Step-by-step solution
1) Count total valence electrons
Carbon (C) is in Group 14 and contributes 4 valence electrons per atom. Hydrogen (H) contributes 1 valence electron per atom.
| Element | Number of atoms | Valence electrons per atom | Total contributed |
|---|---|---|---|
| C | 2 | 4 | \(2 \cdot 4 = 8\) |
| H | 4 | 1 | \(4 \cdot 1 = 4\) |
| Total | \(8 + 4 = 12\) | ||
The molecule has \(12\) valence electrons available to place in the Lewis dot structure.
2) Choose a reasonable skeleton (connect atoms)

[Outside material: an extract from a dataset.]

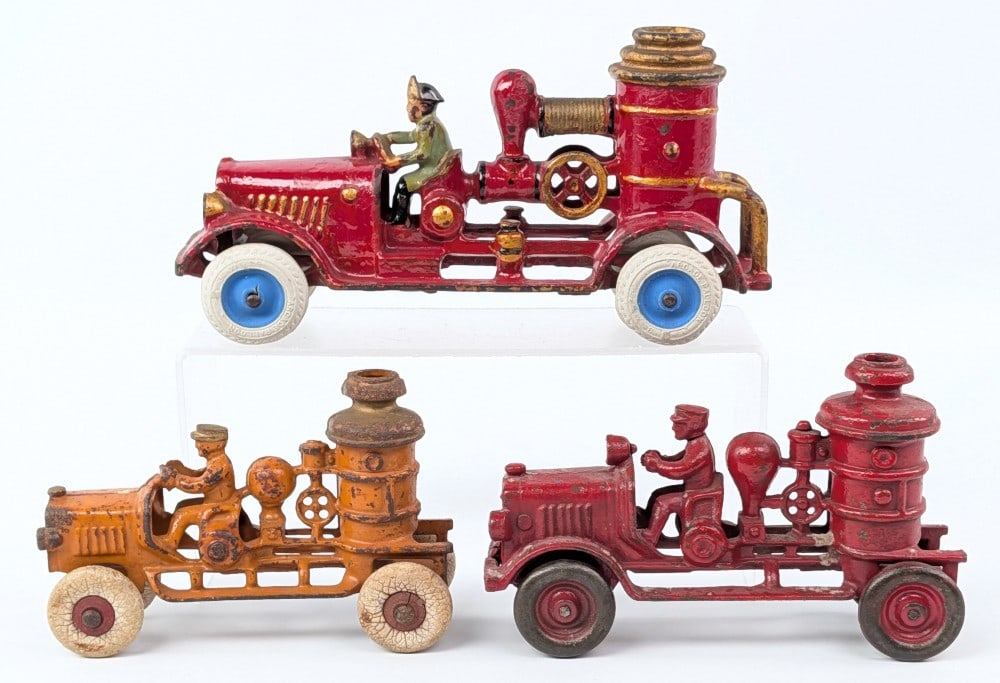 Arcade & Kenton Cast Iron Fire Pumper Trucks: Arcade and Kenton cast iron fire pumper trucks. The largest truck has an older repaint with replaced wheels. The red mid size truck has damage to the front axle housing. All showing some paint loss an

Hydrogen forms only one bond, so hydrogen atoms must be terminal. The carbon atoms form the backbone: place a C–C connection, then attach two H atoms to each carbon to satisfy hydrogen’s duet requirement.
3) Add bonds and account for electrons
Start by connecting the framework with single bonds, then adjust bonding to satisfy the octet rule for carbon.

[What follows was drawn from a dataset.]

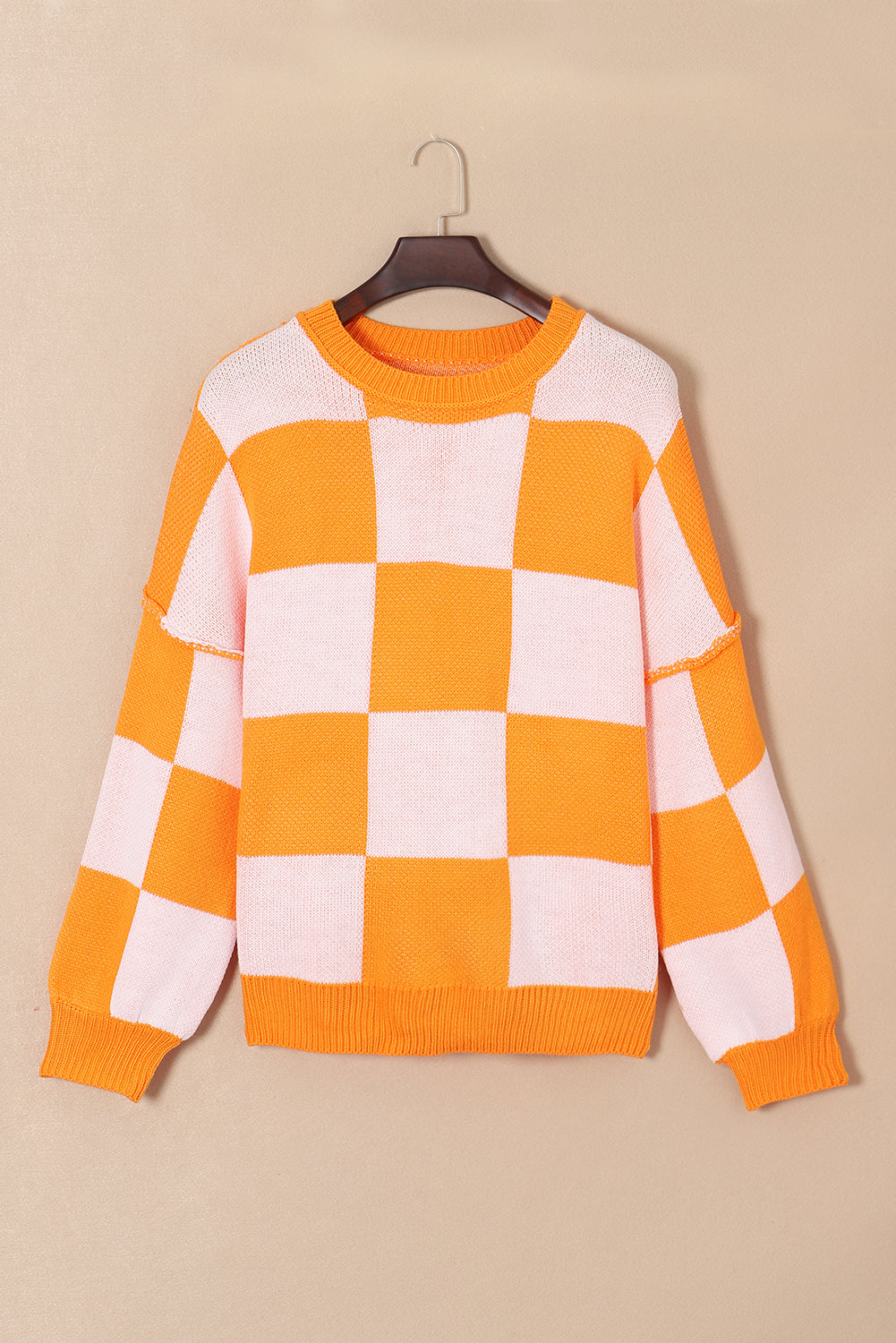 Grapefruit Orange checkered exposed seam drop shoulder sweater with checkered knit, exposed seam details and relaxed drop shoulders, women’s boutique fashion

- Four C–H single bonds use \(4 \cdot 2 = 8\) electrons.
- A C=C double bond uses \(4\) electrons (two shared pairs).
Total electrons used in bonds:
\[ 8 + 4 = 12 \]
All \(12\) valence electrons are accounted for by bonding pairs. No lone pairs are required on carbon in ethene. Each carbon attains an octet because it is surrounded by four shared pairs (two pairs in the double bond and one pair in each C–H bond), totaling \(8\) electrons around each carbon.
4) Check formal charges
Formal charge is computed by:
\[ \text{FC} = V - \left(N + \frac{B}{2}\right) \]
where \(V\) is valence electrons for the free atom, \(N\) is nonbonding electrons, and \(B\) is bonding electrons around that atom.
- For each carbon in C2H4: \(V = 4\), \(N = 0\), and the carbon participates in four bonds (one double bond counts as two bonds), so \(B = 8\). \[ \text{FC}_\mathrm{C} = 4 - \left(0 + \frac{8}{2}\right) = 4 - 4 = 0 \]
- For each hydrogen: \(V = 1\), \(N = 0\), \(B = 2\). \[ \text{FC}_\mathrm{H} = 1 - \left(0 + \frac{2}{2}\right) = 1 - 1 = 0 \]
Zero formal charges on all atoms confirms a stable Lewis structure for ethene.
5) Final Lewis structure interpretation
The correct c2h4 lewis structure is H2C=CH2: a C=C double bond with each carbon single-bonded to two hydrogens. Each carbon has three electron domains (two C–H bonds and one C=C domain), consistent with sp2 hybridization and an approximately trigonal planar arrangement around each carbon.
Visualization
Common checks and common mistakes
- Electron count check: the bonding pattern must use \(12\) electrons total; adding lone pairs on carbon would exceed the available valence electrons.
- Octet check: each carbon must have \(8\) electrons around it; a single C–C bond would leave each carbon short of an octet unless additional bonding is added.
- Hydrogen check: each hydrogen must have exactly one bond (a duet), never two bonds.